Chapter OneThe Truly Amazing Power of ...
In the world of personal finance, there is a power so great, so completely dominant, and so incomparably mighty, that any serious book about personal finance simply must start with it. But I'll warn you ahead of time that when I tell you what it is, you probably won't be too impressed. You see, as truly amazing powers go, this one doesn't make that great of a first impression. It's a little bit like meeting Clark Kent for the first time, with his thick glasses and baggy suit in his office at The Daily Planet. "This is the Man of Steel?"

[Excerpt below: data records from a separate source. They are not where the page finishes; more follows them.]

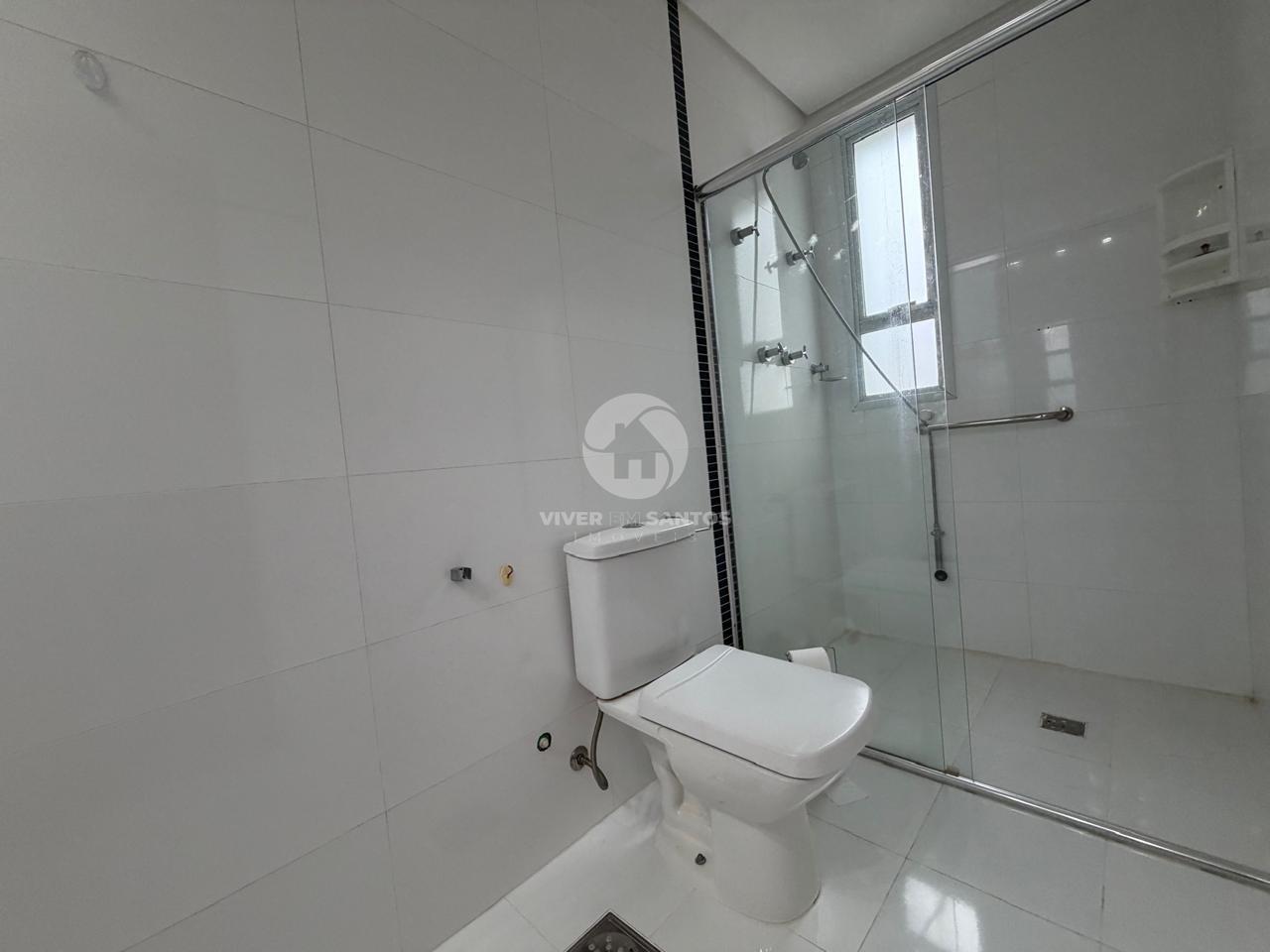 Apartamento à venda, 3 quartos, 3 suítes, 3 vagas, Aparecida - Santos/SP em Aparecida, Santos — foto 11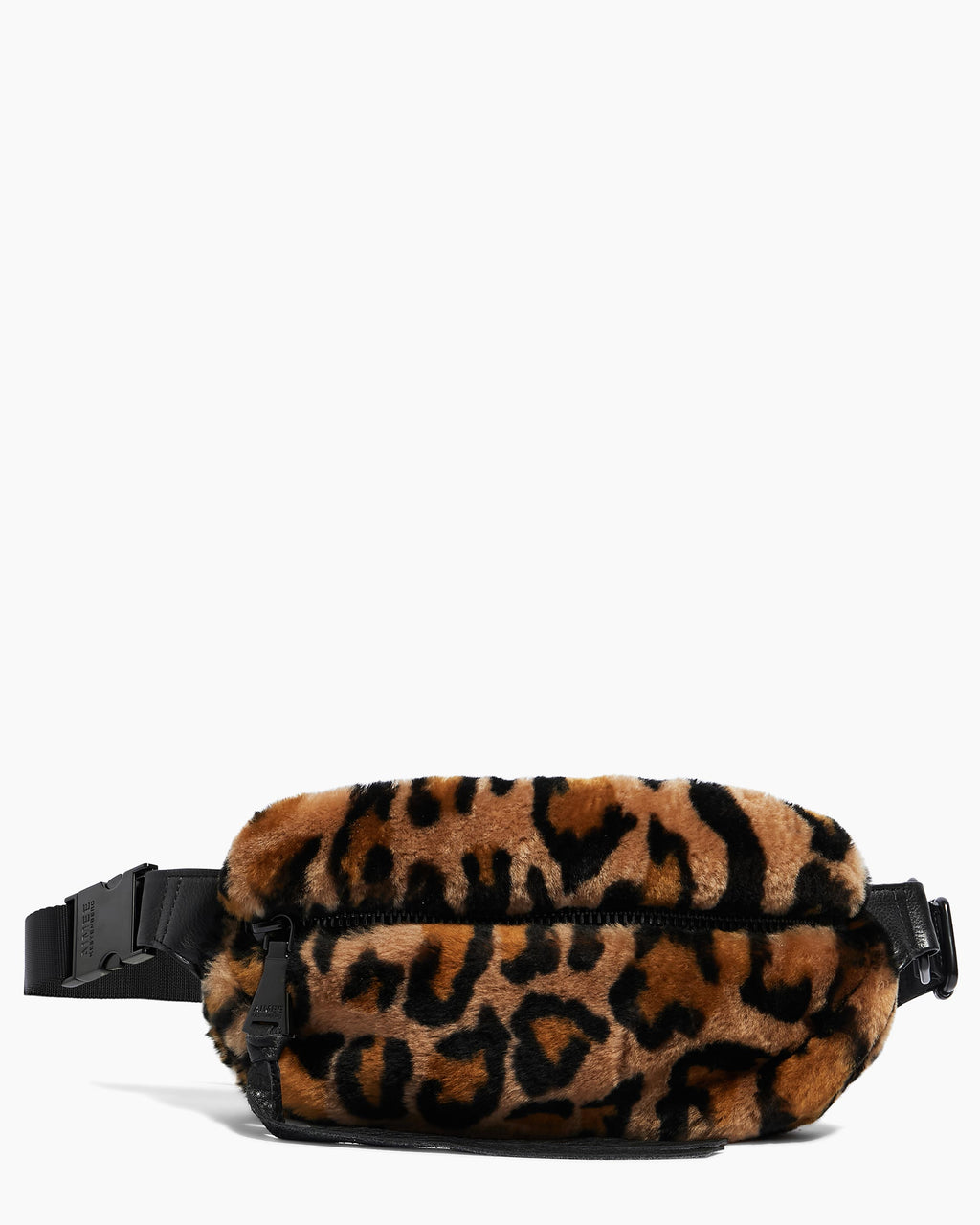 Bum store bag leopard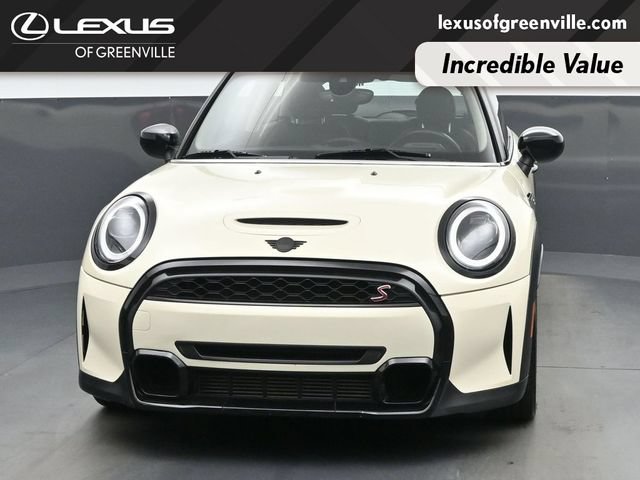 Used 2022 MINI Cooper S w/ Premium Package FWD image 3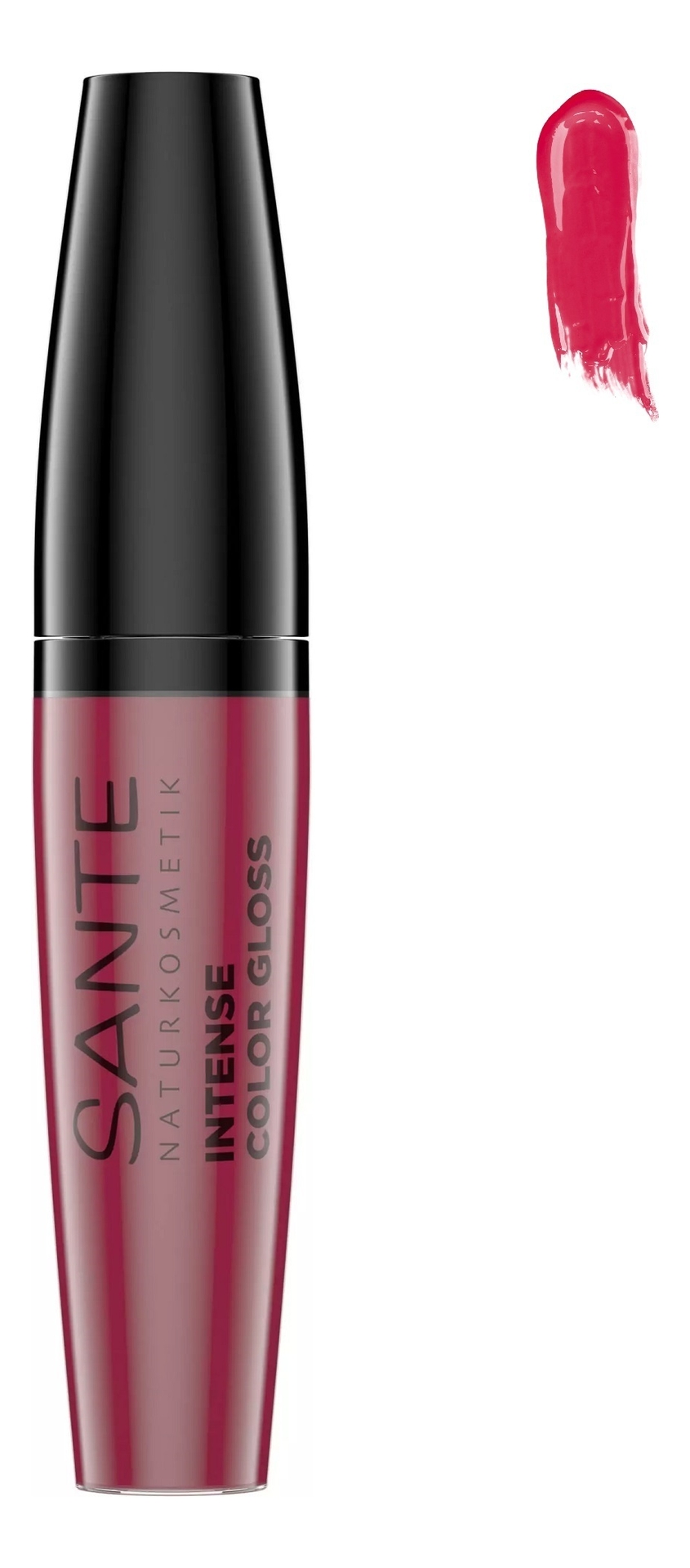 

Глянцевый блеск для губ Intense Color Gloss 9мл: 05 Pinkish Hibiscus, Глянцевый блеск для губ Intense Color Gloss 9мл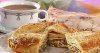 Как приготовить блинчатый пирог с мясом?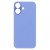 Back Panel Cover For Apple Iphone 16 Blue - Maxbhi Com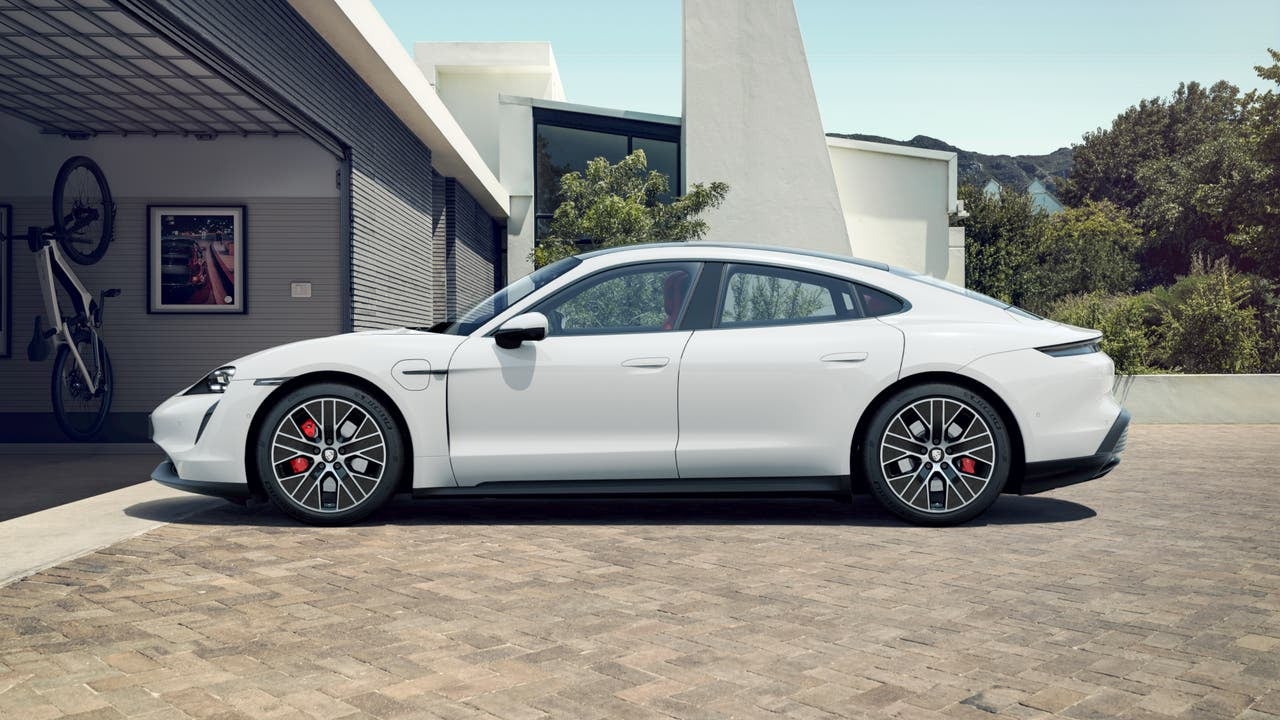 2023 Porsche Taycan Taycan 4S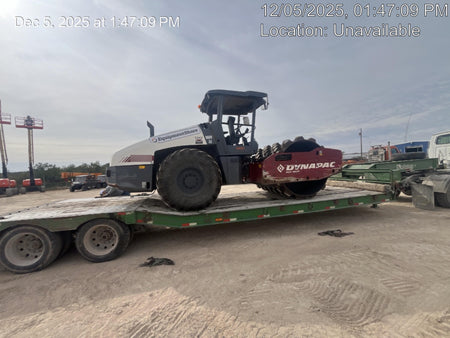 2022 DYNAPAC CA2500PD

Part of the reason for this is that the power we're talking about is ... well, sneaky. When it first makes its appearance, its effect is so small as to barely be noticed at all. Only when given enough time to pick up steam does its real power begin to become apparent. Eventually, it snowballs into a force that is completely unstoppable. But when I tell you what it is, you'll say "What, that?"
And before we go any further, it is vital that you understand something else about this power: it can either work for you or against you. It isn't neutral. It picks one side, friend or foe, and gets right to work.
I am starting with this subject for two reasons: first, because it is the single most powerful idea in the whole field of personal financial management. The majority of people who are in great shape financially are in that position because they understood this power and have had the patience and discipline required to use it to their advantage. On the other side of the coin, it is even more common for people to be completely and utterly wiped out because they didn't understand that this power was working against them; or, more likely, they knew it was working against them but deeply underestimated by how much. The second reason that I'm starting with this power is that we will come back to it again and again when discussing other topics, so it is good to have a solid understanding of it right from the start.
Okay, so what is it? What is this overwhelmingly powerful force? Are you ready?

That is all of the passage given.